Timeframe: This five-year programme spans October 2020-2025.
Mobility of Low Pay Workers
Not Much Bounce in the Springboard: On the Mobility of Low Pay Workers
Team: Gail Pacheco (NZWRI, AUT); Alexander Plum (NZWRI, AUT); Peter J. Sloane (Swansea University, Adelaide University & IZA).
Description: Estimating economic earnings mobility is imperative for understanding the degree to which low pay employment is a temporary or long-term position. This study uses monthly integrated data to assess the mobility of low pay workers in NZ.
Prior international research finds there is a greater likelihood of low pay jobs being stepping stones than dead ends. We find that this finding does not hold once we account for intensity of attachment to the low pay sector. Further, results show that those that are low-paid also have a substantially greater risk of experiencing a low pay-no pay cycle relative to those who are intermediate or higher paid.
The Independent Woman
The Independent Woman – Locus of Control and Female Labor Force Participation
Team: Juliane Hennecke (NZWRI, AUT).
Description: Why do some women participate in the labour market and others do not? What role does personality have in these decisions? This project examines the role of the locus of control (LOC) in women’s labour market decisions. The LOC is the degree to which people believe that they have control over their outcomes, as opposed outcomes being determined by external forces that are beyond their control. Using German survey data, this study finds that women who believe they have a high degree of control over their outcomes are more likely to participate in the labour market.

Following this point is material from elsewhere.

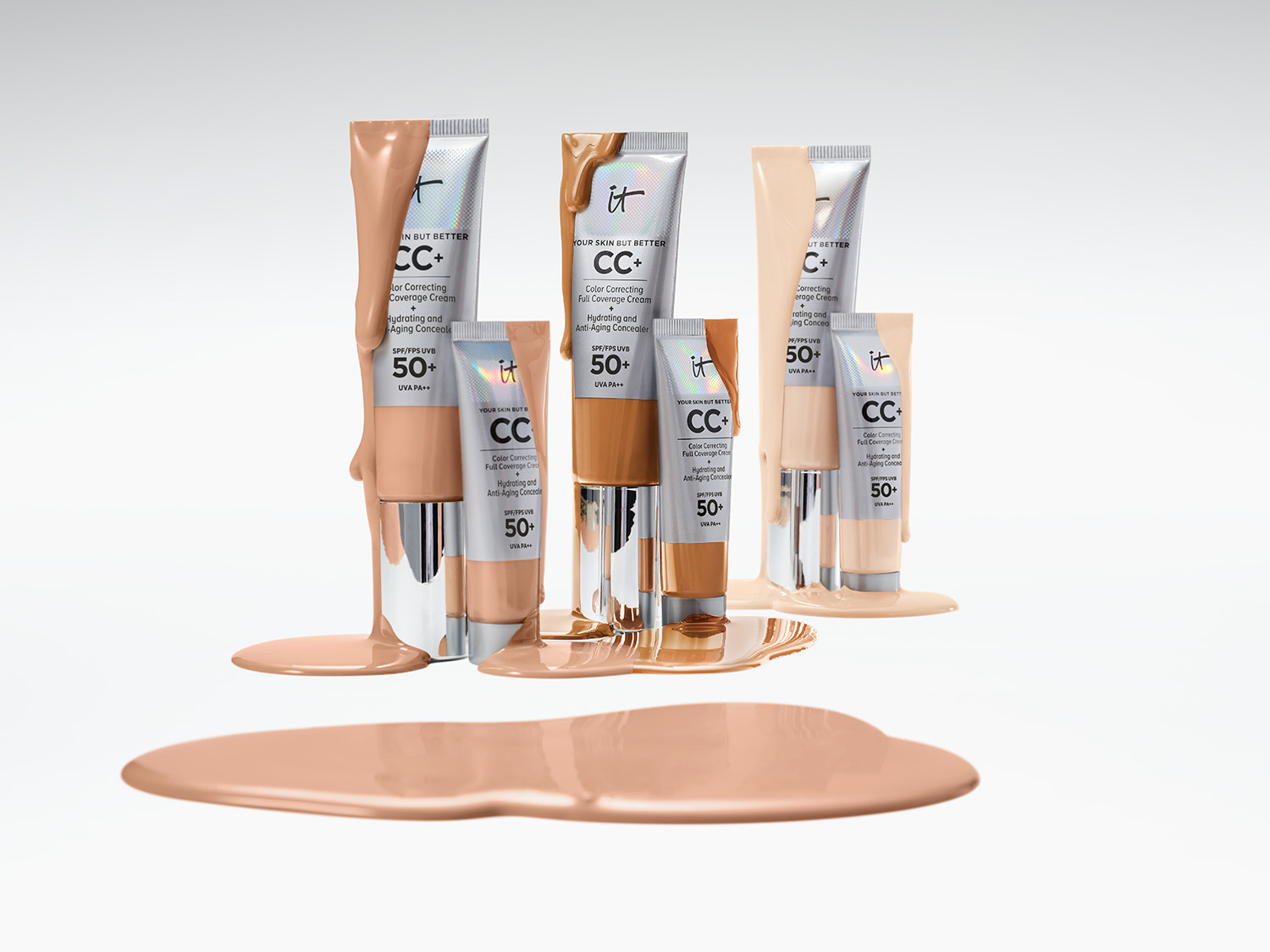 Różne odcienie kremu CC IT Cosmetics w srebrnych tubkach, z SPF 50+, rozlane na białym tle, tworząc efektowną kompozycję.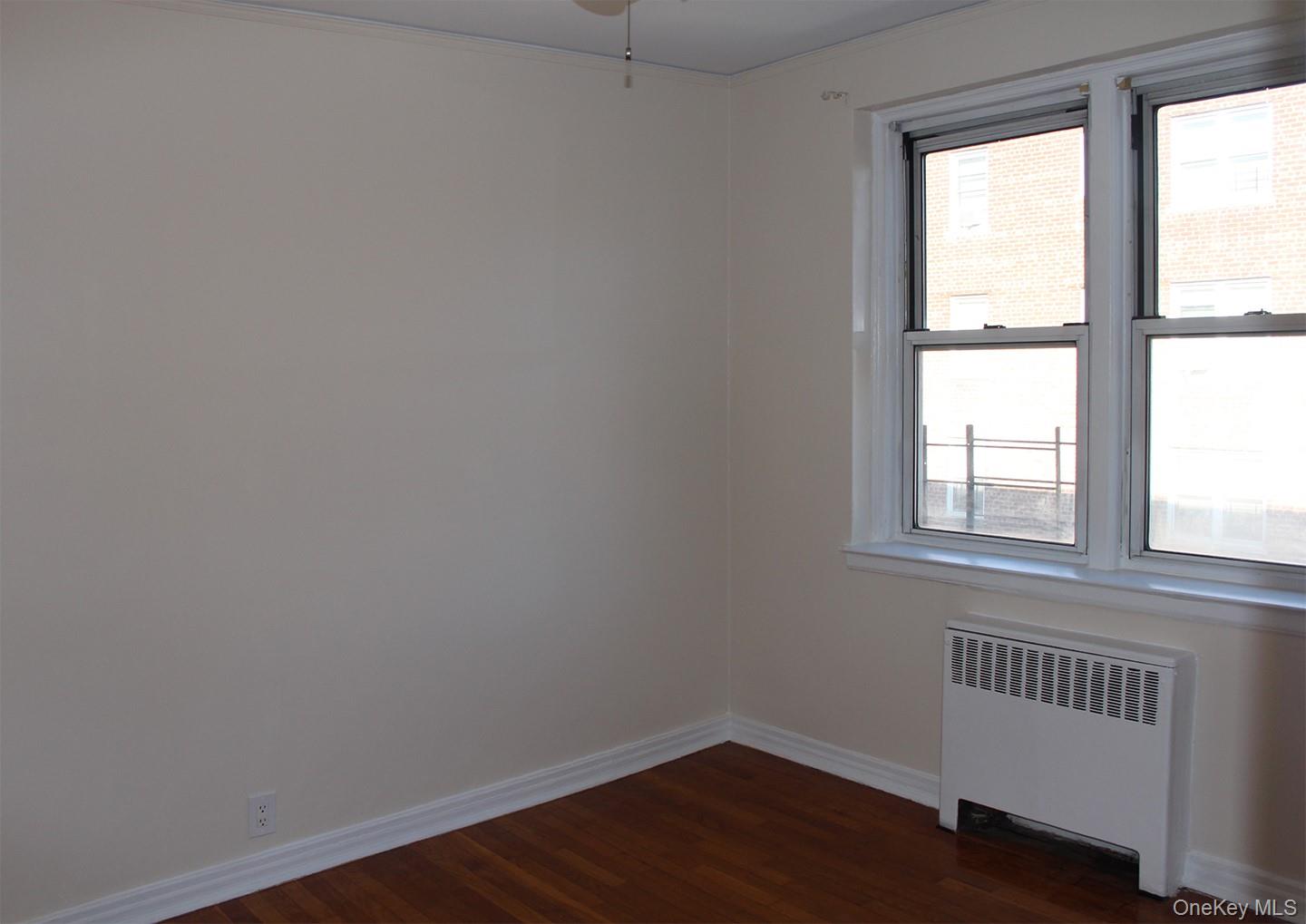 811 Bronx River Road, Unit 5A Yonkers, NY 10708 - Photo 10 of 18 Empty room with radiator, dark wood-style floors, and crown molding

However, financial constraints and social norms also play important roles.
Equal Opportunity in Higher Education
Performance-based aid, enhanced advising, and the income gap in college graduation: Evidence from a randomized controlled trial.
Team: Christopher Erwin (NZWRI, AUT); Melissa Binder (University of New Mexico); Kate Krause (University of New Mexico); Cynthia Miller (MDRC).
Description: Income gaps in college enrollment, persistence, and graduation raise concerns for those interested in equal opportunity in higher education. We present findings from a randomly assigned scholarship for low-income students. The program led to meaningful decreases in time to degree, which appears to be driven by students with the lowest academic preparation and family income. Compared to the control group, participants indicated high satisfaction with the program’s model of enhanced academic advising.